WHAT THE TASK ASKS.
Restate, in full and unchanged, the entries that follow, but not their pictures.
#####
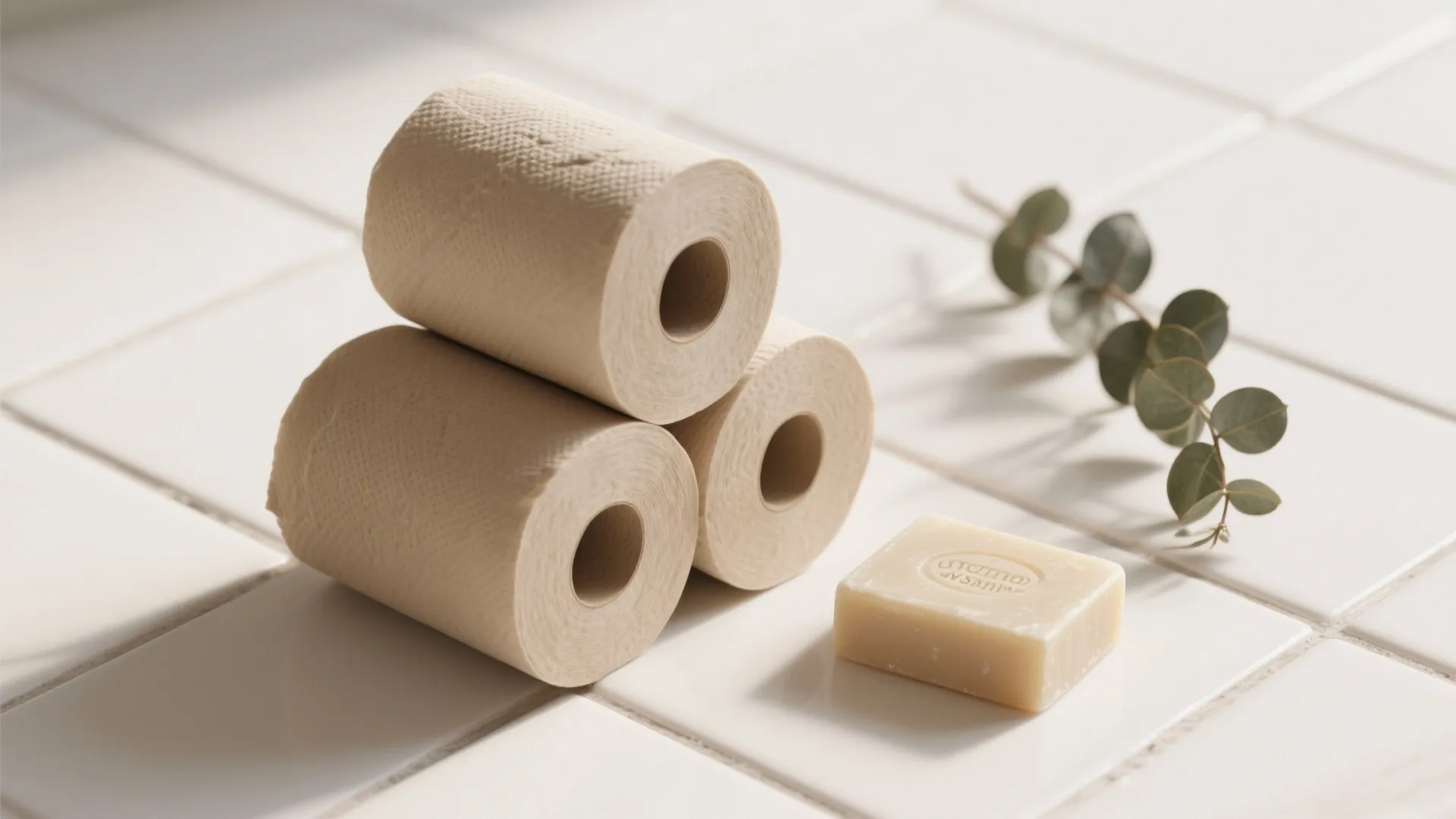 3. Opt for unbleached or TCF (totally chlorine free)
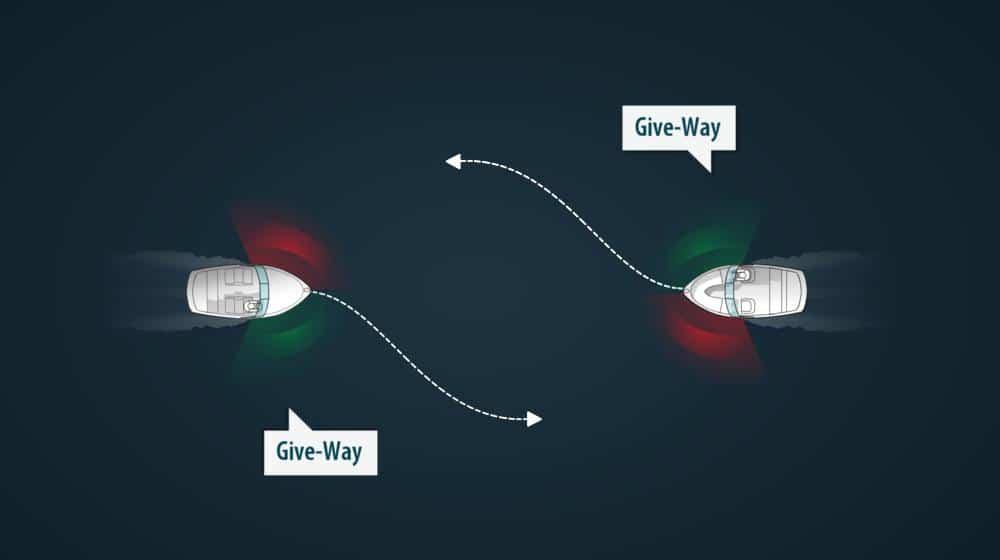 Boat Navigation And Right Of Way Regulations At Night Boatsmart Knowledgebase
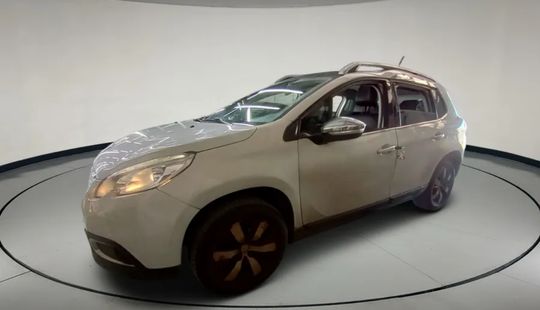 Peugeot • 2008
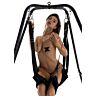 Columpio Sexual HIDDEN DESIRE Extreme Lovers com Suporte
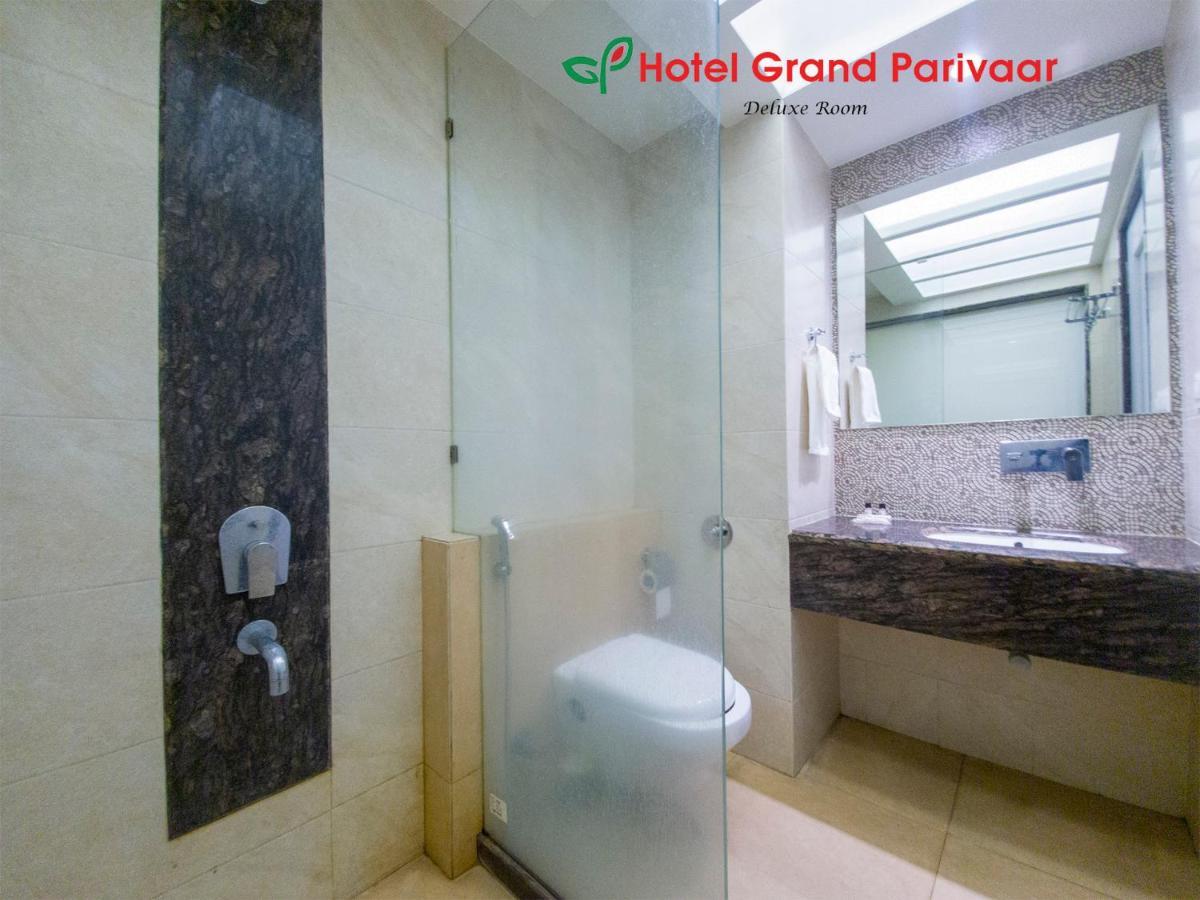 Hotel Grand Parivaar Igatpuri Dış mekan fotoğraf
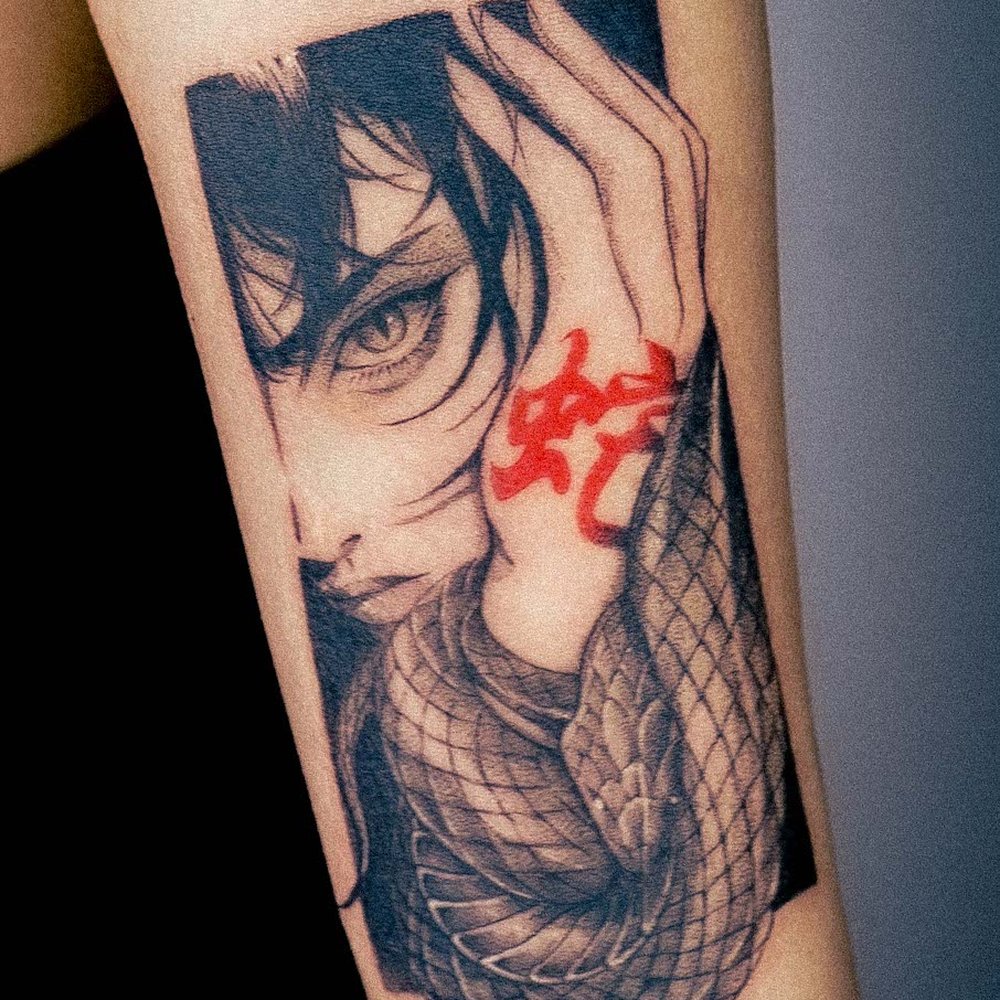 tattoo — tag — FIFTY24SF, image size:1000x1000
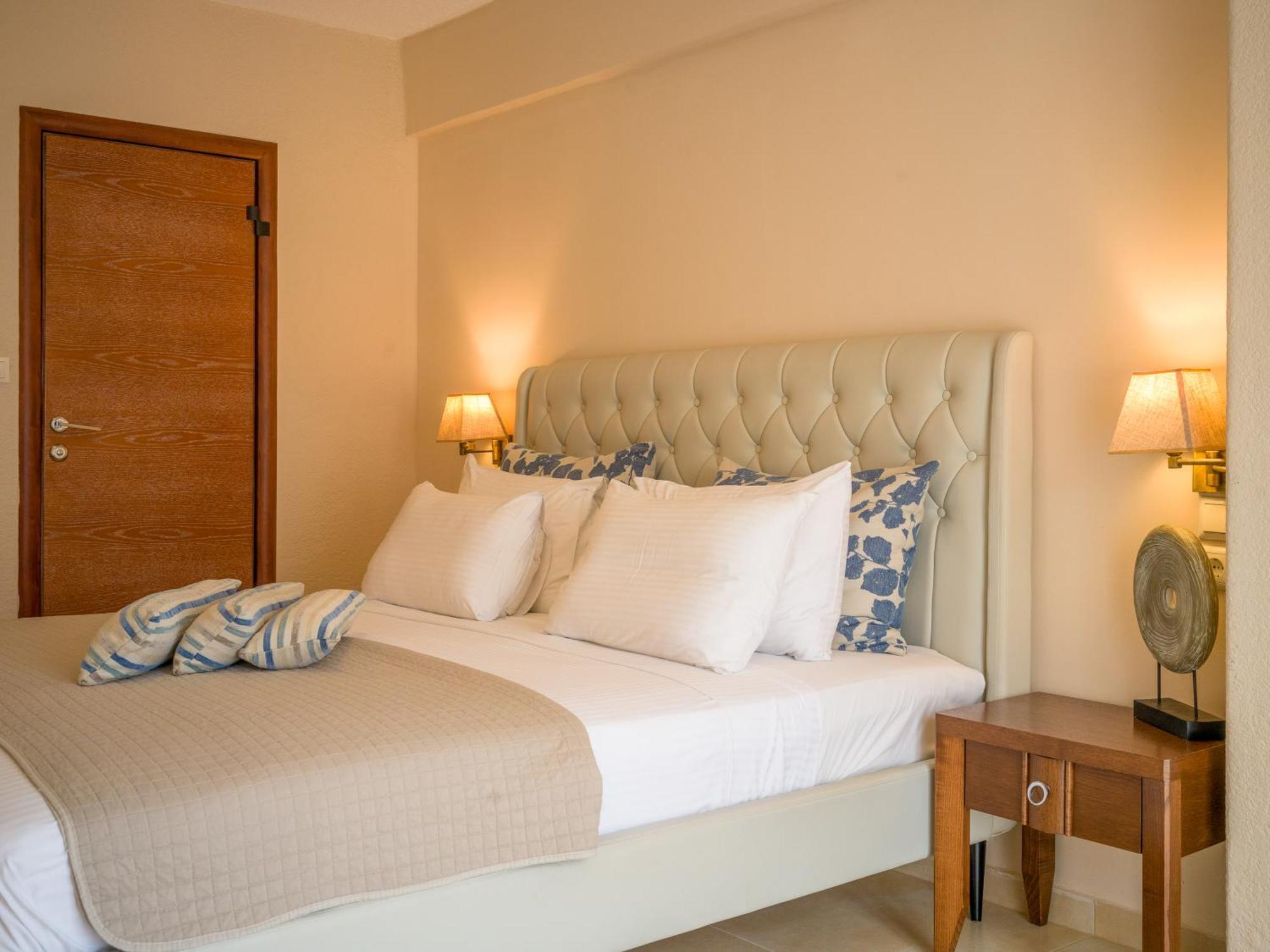 Secret Paradise Hotel & Spa (Adults Only) Khalkidiki Rom bilde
#####
EXERCISE OUTPUT.
 3. Opt for unbleached or TCF (totally chlorine free)
 Boat Navigation And Right Of Way Regulations At Night Boatsmart Knowledgebase
 Peugeot • 2008
 Columpio Sexual HIDDEN DESIRE Extreme Lovers com Suporte
 Hotel Grand Parivaar Igatpuri Dış mekan fotoğraf
 tattoo — tag — FIFTY24SF, image size:1000x1000
 Secret Paradise Hotel & Spa (Adults Only) Khalkidiki Rom bilde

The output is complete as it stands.